It’s a well-known fact that as we get older, most of us put on weight. It is only the few who move into middle age can comfortably get into dresses and trousers we wore in our 20s. In fact across the UK population, on average there is a gradual increase in body weight of 3–5 kg (7-12lbs) per decade between the ages of 30 and 50 – the dreaded middle-age spread!
Why is this?
A major factor is that for most of us, after the age of 30 our general level of physiological function begins to slow down. We become less active and our aerobic fitness level decreases by around 5% per decade. Reactions slow, lung efficiency decreases, heart and circulation become less efficient, muscles lose strength (we actually lose muscle fibres (sarcopenia) as we age. On average we lose around 40-50% of our muscle mass between 30 and 65 years of age with a similar loss of bone mass. Since muscle (lean tissue) is a key calorie burner, our metabolism slows by as much as 5-10% per decade after 30. Not surprisingly therefore, if our eating habits remain the same, we become fat storers rather than fat burners – and we put on weight.

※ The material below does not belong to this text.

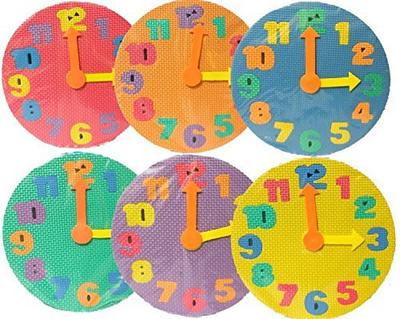 Bath Puzzle Clock Educational Toy Color Random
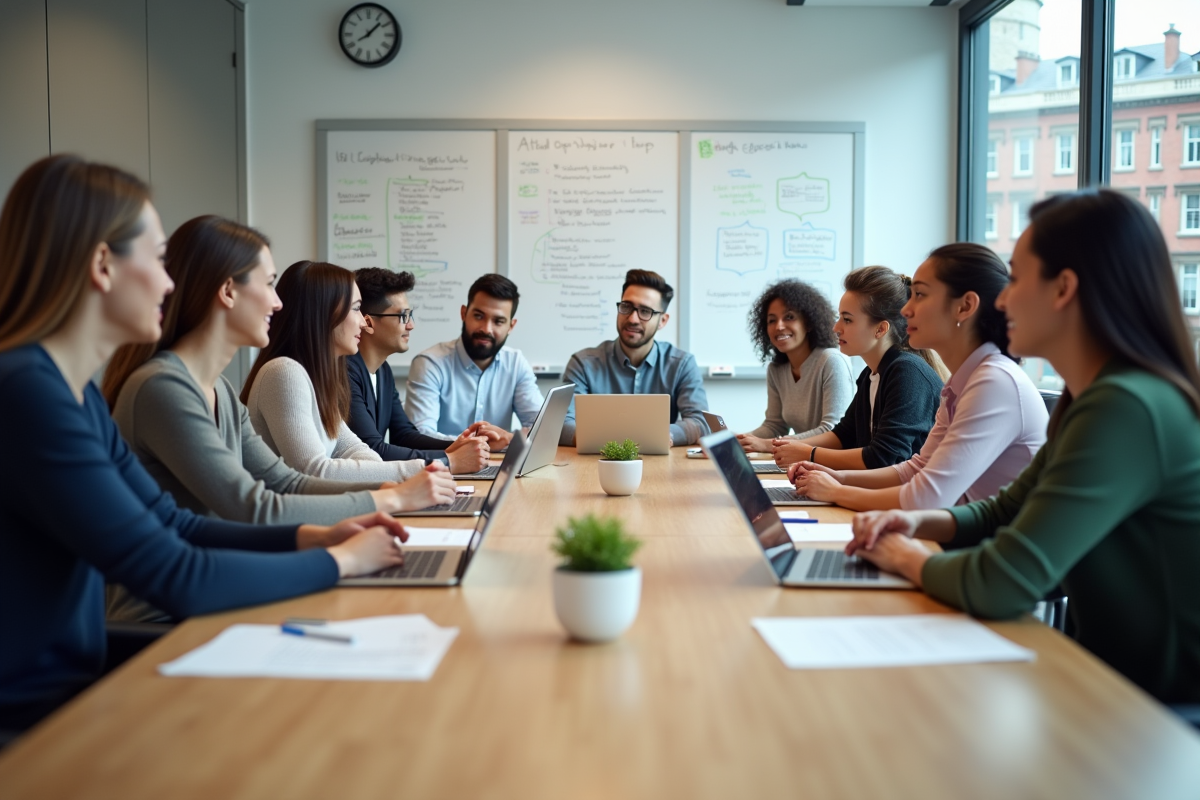 Groupe de personnes en discussion lors d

Unfortunately, there is not an age-related decline in appetite!
But look at the graph below which demonstrates the remarkable effects of keeping fit and physically active. Even from early childhood there is a marked difference in general physiological function between sedentary and active individuals. During the optimal timeslot in our 20s, there is a 20-25% difference in the way our bodies work – and this extends well into our older years. In fact an active 65 year-old can have the physiology of a person more than 20 years younger!
Staying fit and active maintains muscle mass which helps prevent the lowering of metabolic rate, which in turn helps prevent the age-related weight loss so commonly seen in our society.
Whilst the most common method of weight loss is dieting, the long-term success rate of this method is quite poor. Only about 10-20% of those who lose weight by reducing calories maintain their full weight loss over the longer term Taking exercise is strongly associated with better long-term weight control than dieting alone.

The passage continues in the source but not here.